The cargo of this ship was lethal, but that did not bother the admiral. He had sailed with many lethal cargoes and he figured it was better than dying in bed. His head nodded in the warm wheelhouse, whose windows were a sheet of white.

They passed some freighters that loomed out of the storm. Another harbour craft narrowly avoided them, and MacQueen recognized the huddled figures of a boarding party. They passed and vanished like a shadow. The helmsman checked his squared chart, touched the wheel a bit to starboard, and threw the gear into neutral before slowly reversing the engines. As if by magic, the tall, riveted side of a ship appeared alongside them, broken by a rope ladder dangling to the surface of the water. A hooded rating grappled for this with a boathook from the bow as the helmsman eased the motor. MacQueen touched the admiral lightly on the shoulder. “It’s your ship, sir,” he said.

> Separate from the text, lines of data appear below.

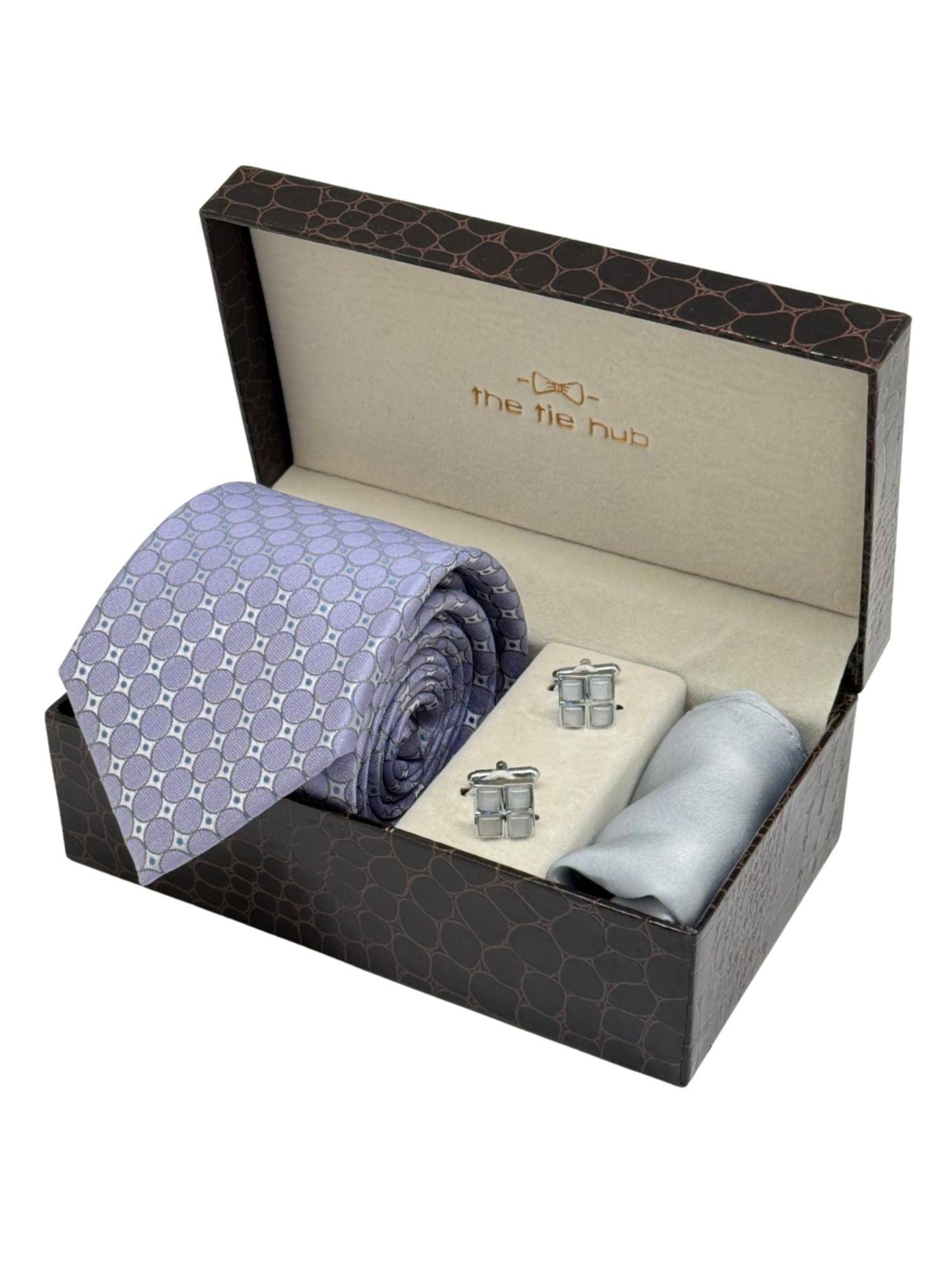 The Tie Hub Men Purple Microfibre Geometric Necktie & Pocket Square with Pair Of Cufflink Gift Set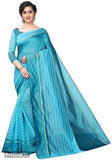 Women Stylish Silk Striped Saree with Blouse piece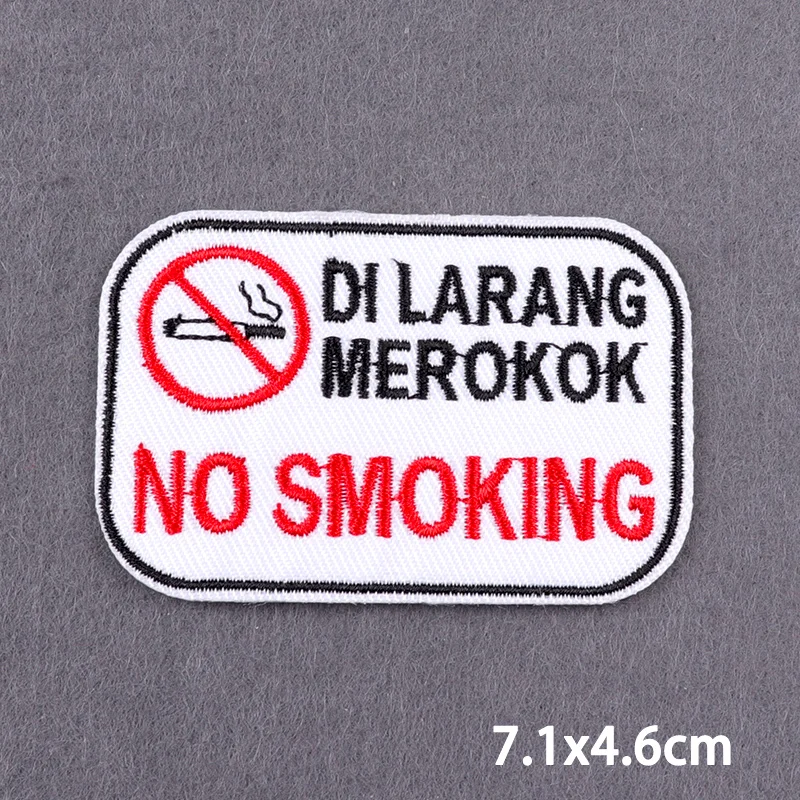 Parche de señal de advertencia de peligro, parches para planchar para ropa, parches bordados DIY en ropa, apliques de costura, parche Fusible - imagen 4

Sub-lieutenant MacQueen preceded the admiral up the ladder then reached back to help him. He was having a struggle, but with a moment’s rest, his head came over the rail and he was aboard. One of his signalmen greeted him with a salute then scrambled over the side to get his gear. It wasn’t much, and it was passed hand to hand up the ladder and onto the snow-covered deck. Sounds of sailors at a winch on the fo’c’sle penetrated the dark winter night, along with the rumble and call of the ship’s horns and the clanking of cables. Everything was being battened down and fired up to get this massive collection under way. Snow-covered Sherman tanks were chained to the decks; beneath their feet were supplies for a small army. Patrick accompanied the admiral to his quarters, with its snug berth and dimly lit chart table. A signalman brought two mugs of tea.

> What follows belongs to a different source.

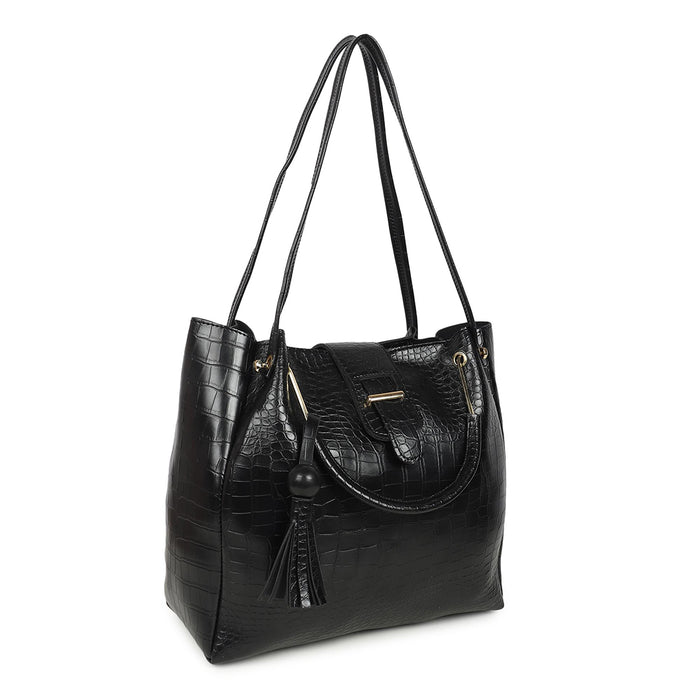 Handbag For Women And Girls Stylish Black PU Leather Bag Image 2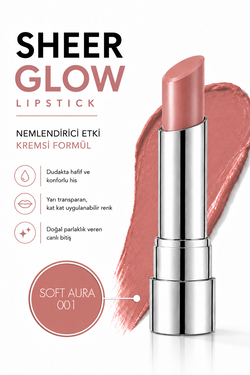 Pierre Cardin Sheer Glow Lipstick - Parlak Bitişli Nemlendirici Ruj - Soft Aura - 001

“Thank you, MacQueen,” said the admiral, “and give my respects to your parents, who I am sure my wife has joined.” Lady Drax had been a particular favourite of Patrick’s mother.

Patrick etched the profile of this craggy old warrior in his mind at that moment. He traced the hawk nose and the thin lips and the deep crevices in the cheeks and marked them in acid on his memory. The thought of leaving this man and going home to a comfortable bed was almost more than he could bear.

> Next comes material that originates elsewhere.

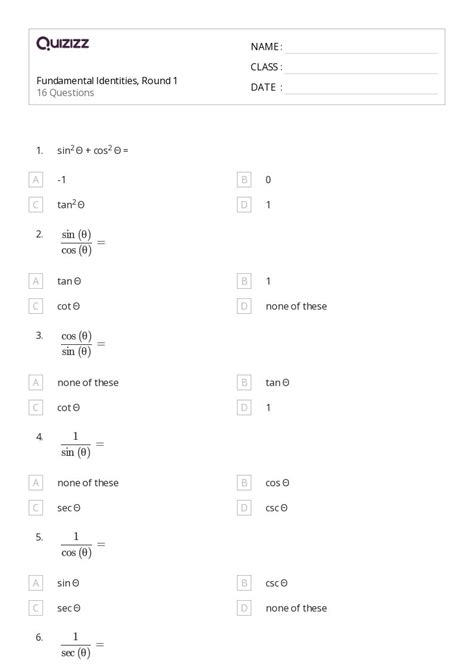 Lembar Kerja Perbandingan Trigonometri Sin Cos Tan Csc Sec Dan Cot Untuk Kelas Di Quizizz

“I wish that I could go with you, sir,” said Patrick, like a boy being left behind by his parents at school.

The admiral smiled for a moment, glanced at this young colonial, and thought briefly that the empire might have a future after all. “I understand,” he said, “but we each have a job to do. I will say goodbye now, as there is much that I have to do.”

They shook hands and MacQueen left. He climbed down from the bridge on icy steps in the dark, found his way to the railing, and climbed down the ladder to the harbour craft.

“Cast off,” he said to the helmsman.

The line was cast off and they swept past the giant anchor slowly rising from the bottom of the basin. The air resounded with dull sounds of action as this fleet of merchantmen stirred and the great propellers started to thrash the black water. The wind had risen, and snow whipped in sheets around the wheelhouse. Patrick MacQueen had never felt more forlorn. How many more tricks would he have to perform before the captain released him? The admiral was sailing once more out of his life as though he didn’t exist, and he felt like a bride left waiting at the church.

“He seems like a good sort, for a commodore,” said the helmsman. He had seen them all.